Circus Trick

Big top: The dining room at Le Cirque 2000.Photo: Kenneth Chen

I caught the intoxicating Elaine Stritch last week. As expected, a high point of this one-woman twelve-step program is Stephen Sondheim’s “The Ladies Who Lunch,” in which Stritch ruefully describes her well-turned-out, cocktail-swilling former buddies as “dinosaurs surviving the crunch.”

Not only do those dinosaurs still roam the earth, some of them adapt and thrive. In the ornate library of Le Cirque 2000 the very next day, I spy a table of them. True to form, they are a fabric bonanza, swathed in plaids, brocades, and bouclés – not a little black dress in the bunch – accessorized with shiny buttons, jaw-breaking pearls, and bedazzling brooches. There are enough high, unlined foreheads that you could show a film festival.

Have these ladies assembled merely to pick at Le Cirque’s classic lobster salad? Or have they heard that the new menu includes a delicious trio of foie gras ravioli in beef consommé, so silky as to put their YSL peasant blouses to shame? Perhaps, but right now food is (temporarily, at least) beside the point. These dames are at a working lunch. They formed an investment circle a few years ago, and today they’ve gathered to design their portfolio for 2002. Well, here’s to the ladies with stock.

Le Cirque 2000 has changed, and it’s not merely because Adam Tihany’s swirling Cirque du Soleil interior has finally reached a clash-and-let-clash truce with the old ornate Villard-mansion rooms. When it first opened at the Palace Hotel, Le Cirque 2000 was chastised for its wrenching flamboyance and ungainly flow. Boldface names became apoplectic trying to determine the best tables. Critics appeared in deep incognito to prove that service was racked with favoritism. The kitchen strained to emulate former chef Daniel Boulud’s ethereal touch.

But in the past year, this spectacularly peculiar institution has altered both its mission and its cuisine. It’s become someplace new and vital, mining just enough of its famous mythology to maintain a sense of the celebratory – while avoiding becoming an anachronism. As grandmaster of ceremonies, owner Sirio Maccioni deftly juggles all those arriving at the carnival (all that sly self-effacement and perpetual fretting is just a ruse). Entitled regulars have cozily settled in the library. A new cache of business clientele mixes with tourists and others in the dining rooms. The mood – in all the rooms – is buoyant. The crowd – in all the rooms – is happy.

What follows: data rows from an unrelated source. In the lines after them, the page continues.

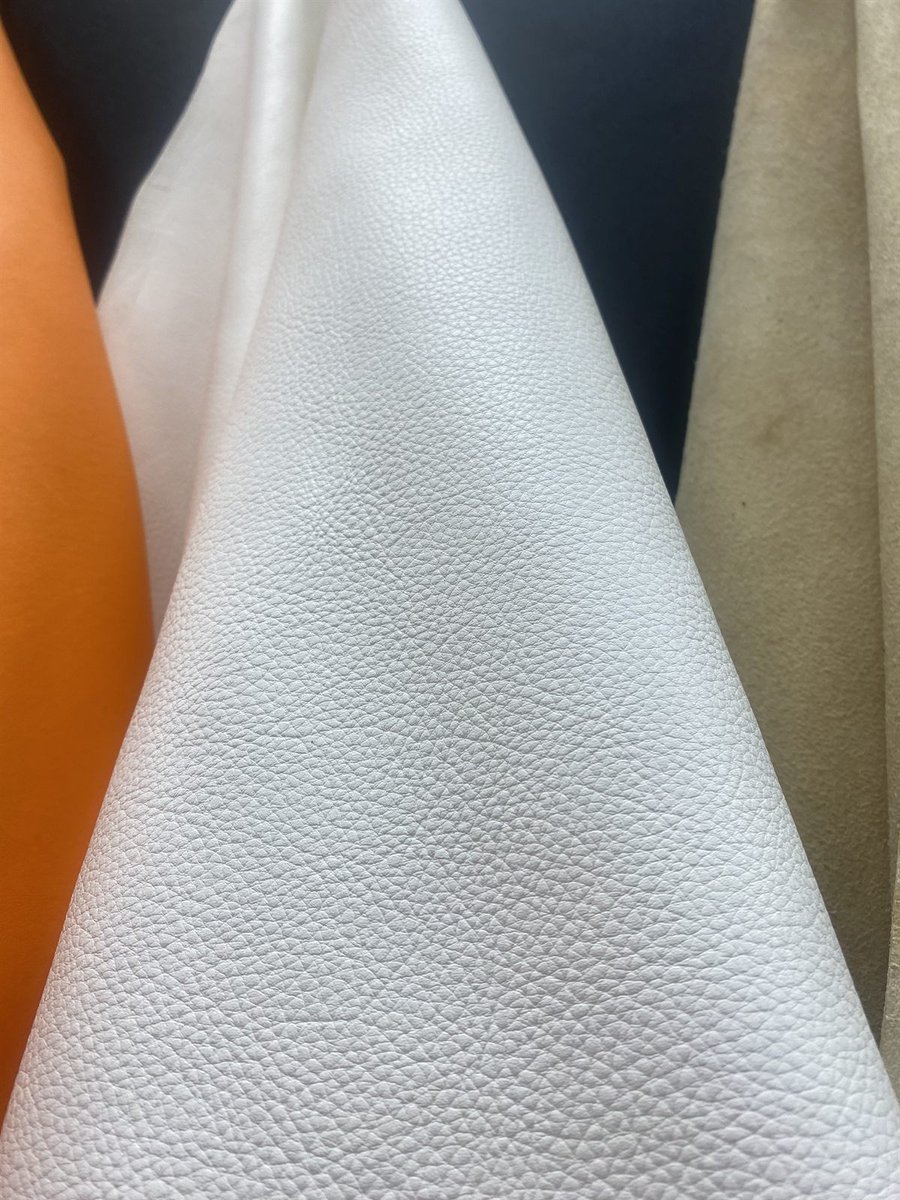 Leathernot64113's tweet photo. 染めていないのに、真っ白な革があります。

アルミニウムやジルコニウムでなめしたもの。クロムなめしの革を白く染めると薄い青が入りますが、これは混じりけのない白。野球のボールなどに使われるそうです。

#レザーズデイ #LeathersDay #革 https://t.co/UlMLKRVwgl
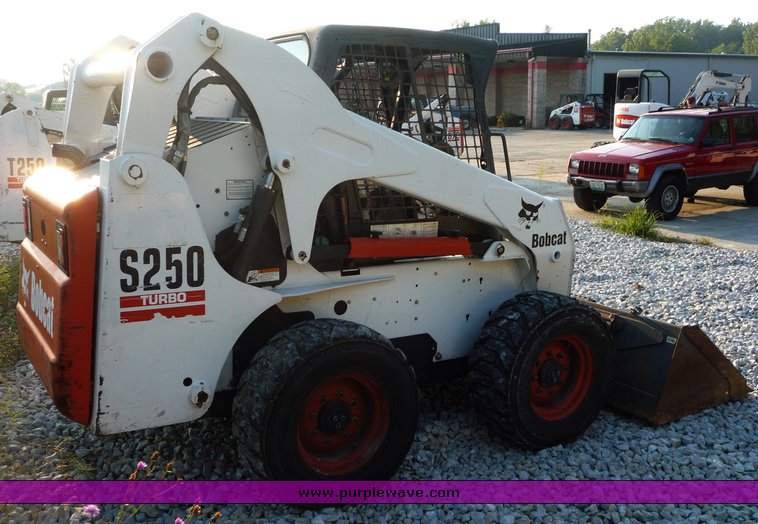 image for item 2298 2005 Bobcat S250 skid steer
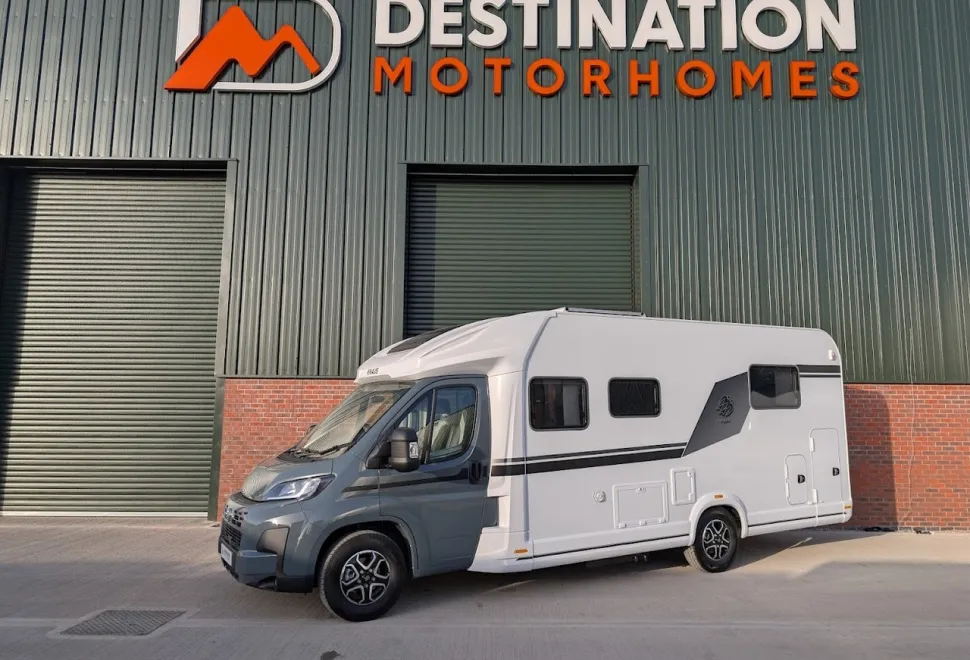 Knaus  Live Wave 700 DX Platinum Selection (4471) 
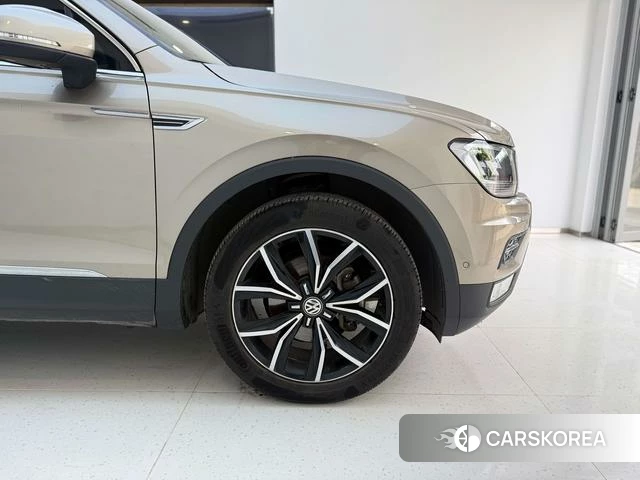 Volkswagen Tiguan L id 4210923 из Китая 24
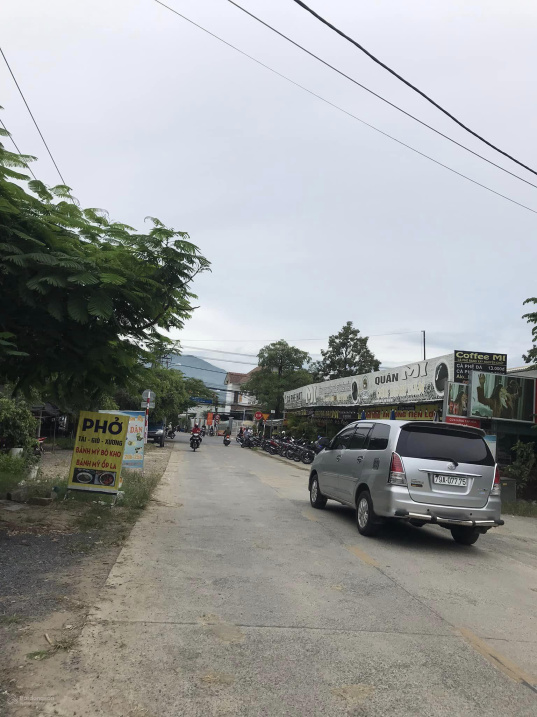 Bán đất sát đường bến xe Cúc Tùng, Vĩnh Trung. Thẳng ra đường 23/10 chỉ 100m (bến xe phía Nam)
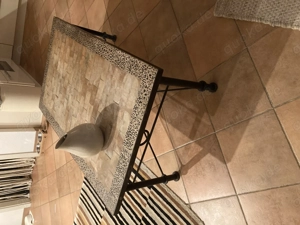 Schöner außergewöhnlicher Tisch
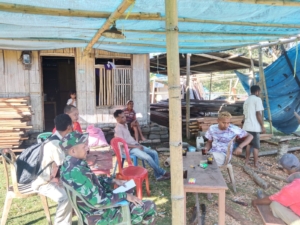 Babinsa Koramil 1602-02/Wolowaru Tingkatkan Komsos dan Pamwil di Desa Nuamuri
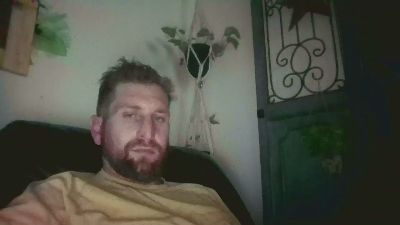 Dongerson222 webcam model stream image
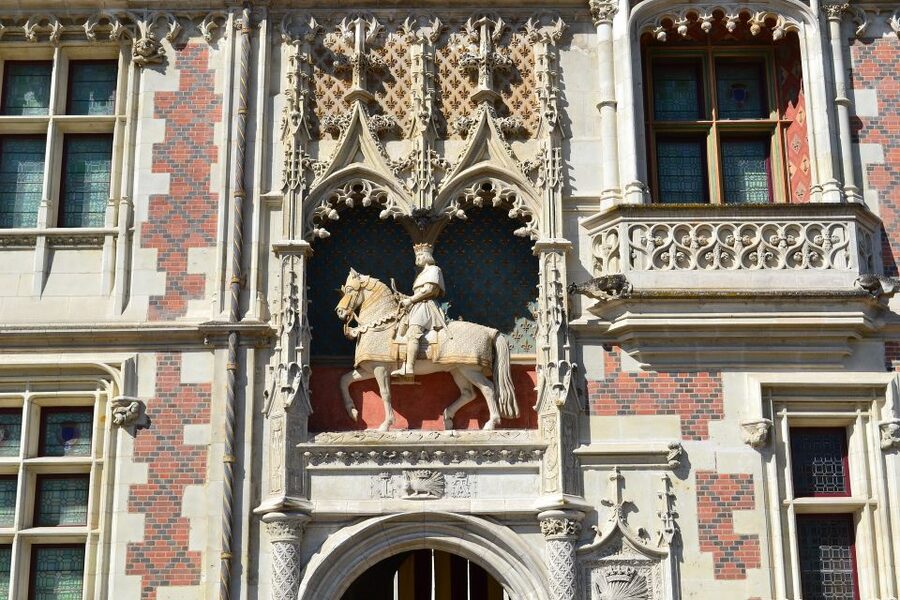 Blois: Private Tour of Blois Castle with Entry Tickets - Four architectural styles within Blois Castle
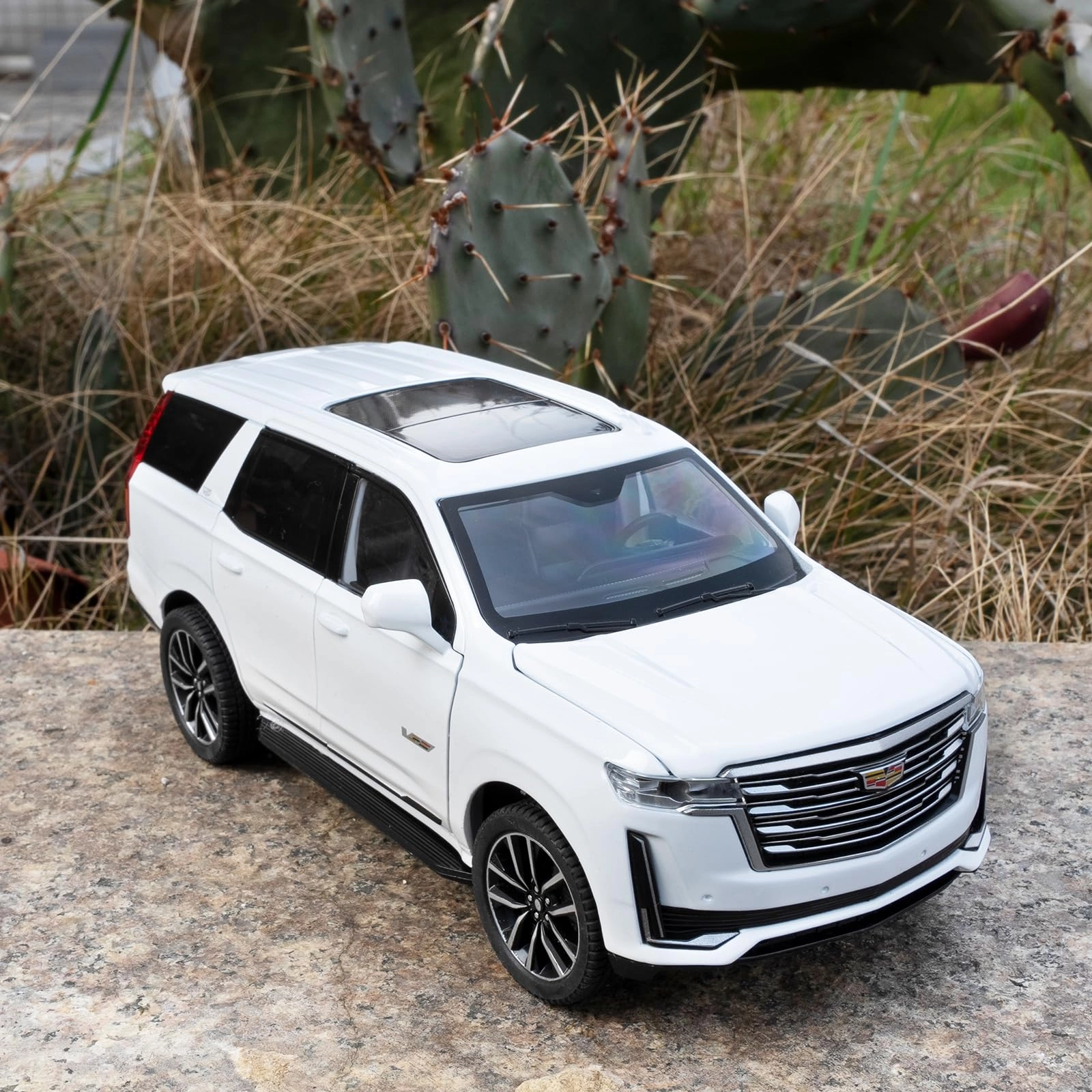 Escalade - 1:24 1 pcs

Much of the euphoria is due to the crowd-pleasing ethos of chef Pierre Schaedelin’s kitchen. Tables are no longer marked by uniform rows of that lobster salad and pasta primavera. Instead they’re laden with braised-lamb tortellini in a fragrant shower of aubergine caviar and curry, wonderfully smoky casseroles of sweet porcini and artichokes, and peppery lentil soup with rich, salty prosciutto. Schaedelin’s dishes exhibit no airily stackable architecture; his handling of turbot may be light, but his plates aren’t. In fact, the few times the kitchen stumbles are with dishes like Dover-sole meunière or salmon pavé, which are reminiscent of the old Le Cirque. Neither dish sparks like the moist cod stuffed with brandade and chorizo, or the lean but luscious lamb loin accompanied by slices of shoulder braised with citrus. Garnet-red maigret duck breast was often a house favorite, but now it’s abetted by a bounty of confit with lentils and foie gras and crispy zucchinis. This is not just food to be impressed by. It’s food people want.

Even the desserts no longer merely float by. Oh, classics like that chocolate stove are there. And the chocolate soufflé is lovely. But the new pastry chef excels at amber waves of tarte Tatin, delightful raviolis of pineapple and mango with white ice cream, figs and caramel served alongside a bracing granité spiced with red peppercorn, and a velvety coffee savarin that would make cappuccino seem redundant.

When Sirio would bring the chocolate stove over to his ladies in the old days, they’d play with it, giddily lift the white-chocolate pan, break off a piece of oven door, and leave it mangled but unfinished. You should have seen the blonde investment circle scarfing it down – you’d have thought there was a stock tip inside. As if we need one more reminder, nothing and no one stays the same. One hopes that everybody rises. Le Cirque certainly has.

Le Cirque 2000, 455 Madison Avenue, near 50th Street; 212-303-7788. Lunch, Monday through Saturday, 11:45 a.m. to 2:45 p.m.; dinner, Monday through Saturday, 5:30 to 11 p.m., Sunday to 10 p.m. Appetizers, $12 to $29; entrées, $31 to $39. All major credit cards.